Потом, в старших классах, стало не до “боления” – анаша заменила собой всё. А широкое пришествие опиатов после приказа об усилении борьбы с наркотиками окончательно перекрыло другие занятия.
Вначале милиция не очень разбиралась в этой новой напасти, но вскоре в ментовке появились свои отважные пастеры, на себе стали проверять уловки этой страсти – и сами стали её рабами. Один из таких милицейских чинов покончил с собой средь бела дня на площади Ленина, под памятником, выстрелив сначала в бронзового Ильича, а потом себе в рот. Говорили, он раскрыл целую сеть наркоторговли, но ему запретили её трогать. Второй такой активист-пастеровец умер при подозрительных обстоятельствах – говорили, от передозировки.
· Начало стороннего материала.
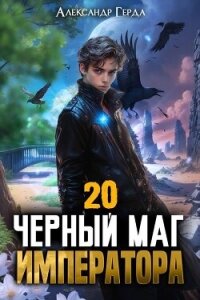 Черный Маг Императора 20 (СИ) - Герда Александр (первая книга .txt, .fb2) 📗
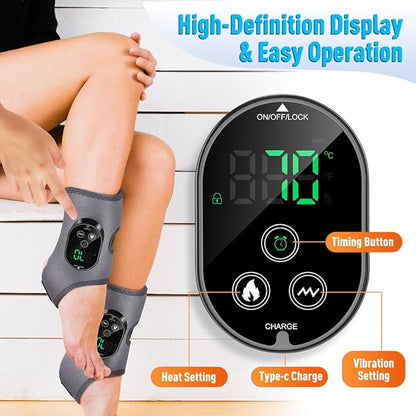 2-Pack Foot Renew Foot Massager, Ankle and Foot Massager - Image 5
Третий, Мгалоблишвили, заядлый морфинист, пока жив и даже основал какой-то таинственный “эскадрон смерти”, который занимается отстрелом морфуш.
…Через год Кока опять поехал с бабушкой в Гагры. Ехали, как всегда, весело и спокойно – дядя Ларик обычно доставал билеты в СВ, купе на двоих, что было нелегко. СВ-вагонов в поезде всего два, а на море, особенно на бархатный сезон в сентябре-октябре, едут отдыхать важные чины с жёнами и любовницами. Как только поезд трогался, бабушка вынимала из корзинки маленькую скатёрку, салфетки, соль в пузырьке, жареную курочку, котлеты, варёные яйца, ветчину, зелень, сыр, шотис-пури. Они закусывали всю дорогу, перемежая еду чаепитием, – чай в серпасто-молоткастых подстаканниках приносил проводник, впридачу сахар в пачечках по два кусочка с паровозом на облатке.